Used to install extra feature groups (extras groups) or specified third-party Python packages.

You can install:

  • Predefined component groups (e.g., embedding, chat, finetune)
  • Specific Python packages (e.g., openai, transformers)

The installation logic automatically manages version dependencies and compatibility issues, such as adapting flash-attn for PyTorch.

Function 1: Install Component Groups

# Install embedding and chat component groups
lazyllm install embedding chat

Args:

  • embedding, chat: predefined feature groups for embedding models and chat-related functions.

Function 2: Install Third-party Python Packages

# Install specific third-party Python packages
lazyllm install openai sentence-transformers

Args:

  • openai, sentence-transformers: Python package names, used for calling OpenAI APIs or loading vector models.

lazyllm run

Executes corresponding services or workflows based on the passed subcommands.

Function 1: Start Chatbot Service

lazyllm run chatbot --model chatglm3-6b --framework vllm

Args:

  • chatbot: starts the chatbot service.
  • model: specifies the model name to use, e.g., chatglm3-6b.
  • framework: backend inference framework, supporting lightllm, vllm, lmdeploy.

Function 2: Start RAG QA Service

lazyllm run rag --model bge-base --framework lightllm --documents /path/to/docs

Args:

  • rag: starts a retrieval-augmented generation (RAG) question answering system.
  • model: specifies the model name, e.g., bge-base.
  • framework: backend inference framework.
  • documents: required; absolute path to knowledge documents.

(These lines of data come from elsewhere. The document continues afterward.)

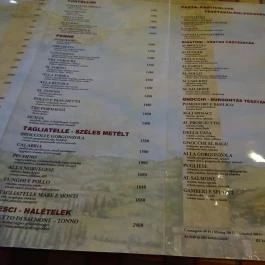 Pasta Bazár Trattoria Budapest - Étlap/itallap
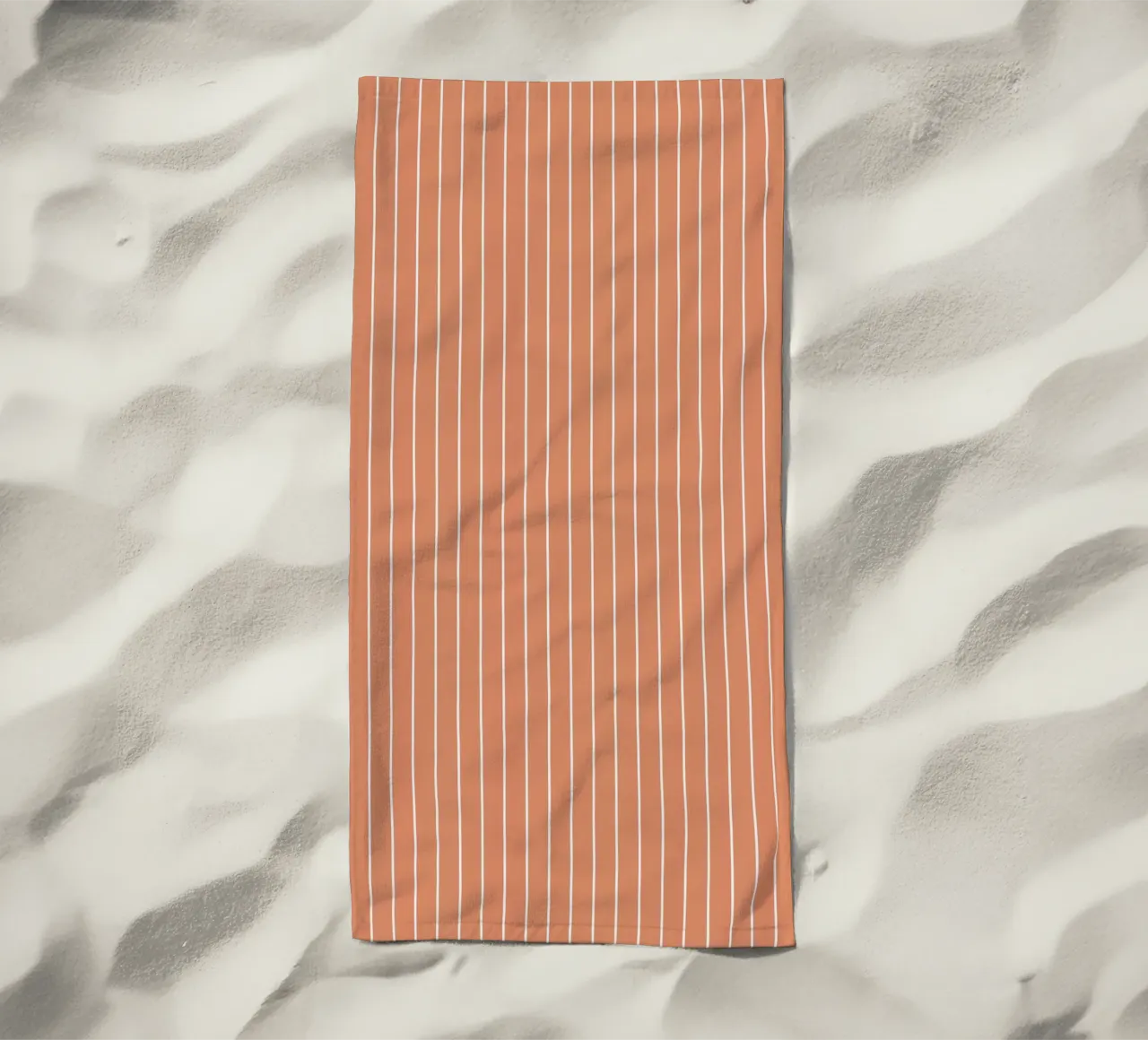 Minimal Basic Classic Pinstripe | Bianco su Arancione Terracotta telo mare da Beauty in Simplicity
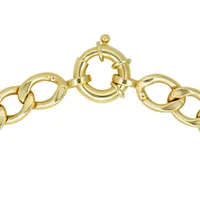 10kt 8" Men's Yellow Gold Link With Three White Gold Stations Bracelet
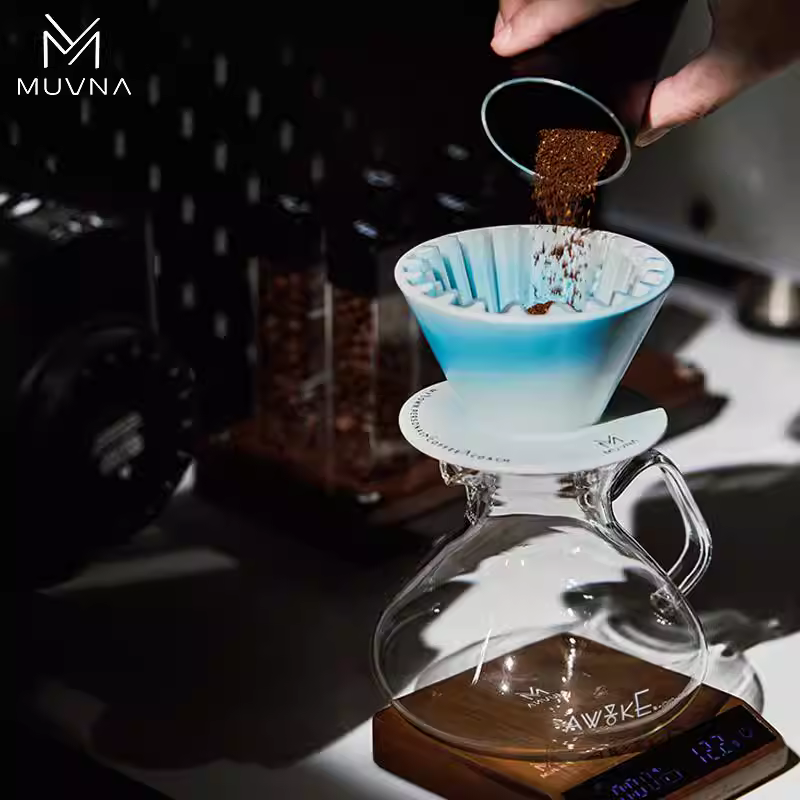 Cốc lọc cà phê gốm MUVNA, lọc cà phê thủ công, lọc hình sóng, cốc lọc một lỗ, chiết xuất nhiệt độ không đổi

Function 3: Run JSON-based Workflow

lazyllm run workflow.json

Args:

  • workflow.json: JSON workflow file path to run the specified computational graph.

Function 4: Start Training Service

lazyllm run training_service

Args:

  • training_service: starts the model training service; no additional parameters required.

Function 5: Start Inference Service

lazyllm run infer_service

Args:

  • infer_service: starts the model inference service; no additional parameters required.

❗ Note: For chatbot and rag, source and framework are mutually exclusive and must be chosen from predefined options. Invalid commands or parameters will result in error messages.